Please retype, word for word, the line containing "Stitch balpennen met" and every line after it through the end of the records, leaving out all pictures.
[[ Data to use open ]]
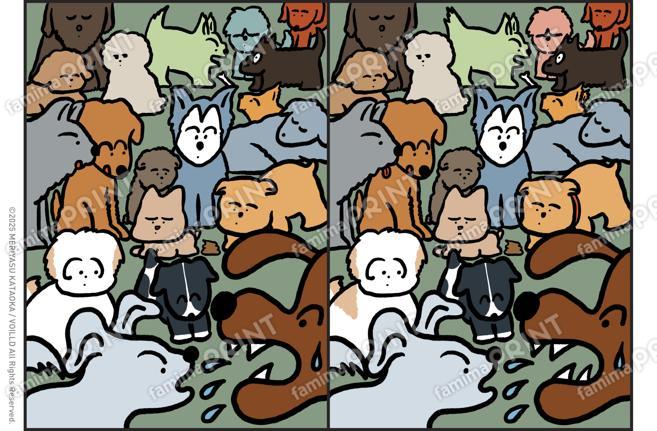 DOG間違い探し10個_hagaki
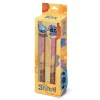 Stitch balpennen met gumfunctie 2-delige set - Lilo & Stitch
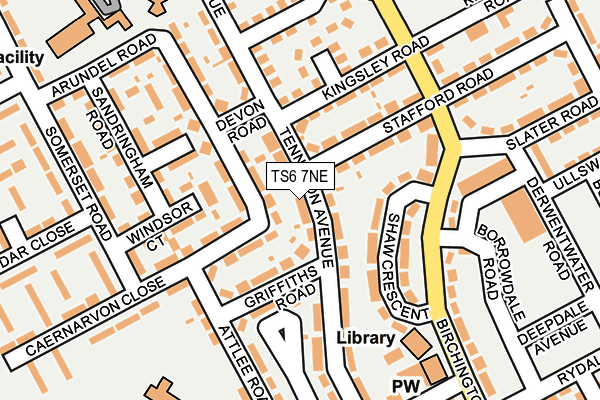 TS6 7NE map - OS OpenMap – Local (Ordnance Survey)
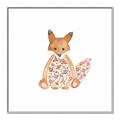 Picture of Baby Floral Fox _GroupedProduct_Square_Mini_ _GroupedProduct_Square_Canvas_Framed_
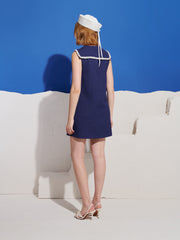 Breeze Tweed Sailor Dress Navy Blue / Z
[[ Data to use closed ]]
## Exercise response
 Stitch balpennen met gumfunctie 2-delige set - Lilo & Stitch
 TS6 7NE map - OS OpenMap – Local (Ordnance Survey)
 Picture of Baby Floral Fox _GroupedProduct_Square_Mini_ _GroupedProduct_Square_Canvas_Framed_
 Breeze Tweed Sailor Dress Navy Blue / Z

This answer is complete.